Just because we haven't observed something popping out of nothing doesn't mean it can't happen. Maybe the rules are different for the universe as a whole.

I think I can understand the heart of your objection. One reason that we assume that things can't pop out of nothing is that our experience tells us this doesn't happen, so it's an example of induction, inferring from the specific to the general. And if it's just induction, maybe there's nothing logically contradictory about that happening. But there are two things to be said about that.

First, just because it might not be logically contradictory for that to happen, that doesn't mean it's a good explanation; we'd still need some good reasons to think that it happened that way. For example, imagine you walk into your apartment and you see your roommate hunched over a plate. He looks up and he has chocolate smeared on his face and crumbs on his jacket. He's been eating the double chocolate cupcake that your mom gave you for your birthday! You're about to accuse him and he says "Wait, wait, it's not what you think! Isn't it possible that while I was walking through the kitchen, the cupcake spontaneously appeared in my mouth?" Would you believe him? Of course not! He'd have to give some evidence that he really didn't just take the cupcake from the fridge and eat it. The point is that we have no evidence of anything physical spontaneously happening with truly no explanation, and it seems absurd, even if you argue it's not technically impossible.

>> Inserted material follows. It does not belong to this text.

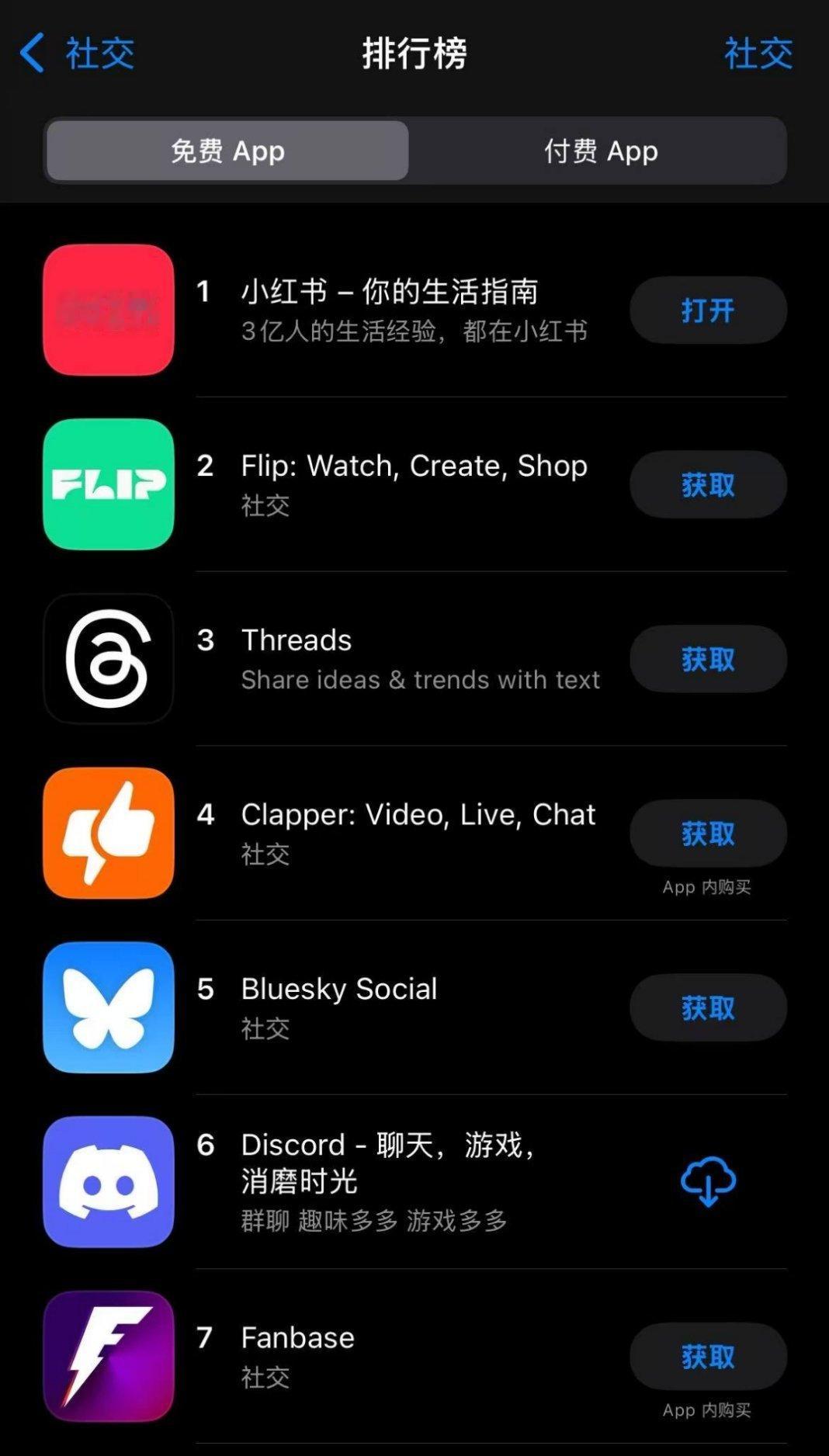 看群友发的，小某书在美区App Store登顶。因为，本月19号是TT在榜的最后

Second, the first premise, that everything that begins to exists has a cause, goes deeper than just something from nothing. When you reject this premise, it's not just saying that there was no stuff and suddenly there is stuff, violating the conservation of matter and energy. You're actually claiming something way more extreme than that: that something can begin with literally no cause at all. Not just an unknown cause, but absolutely no cause or explanation.

Because this argument is okay with leaving the outside cause unknown, even if it does have similarities to God. But to say with confidence that there is just no cause, I think goes way beyond our ability to know, and contradicts our intuitions and observations that everything does have an explanation. Don't you think it's more reasonable to say the universe might have an explanation rather than needing no explanation?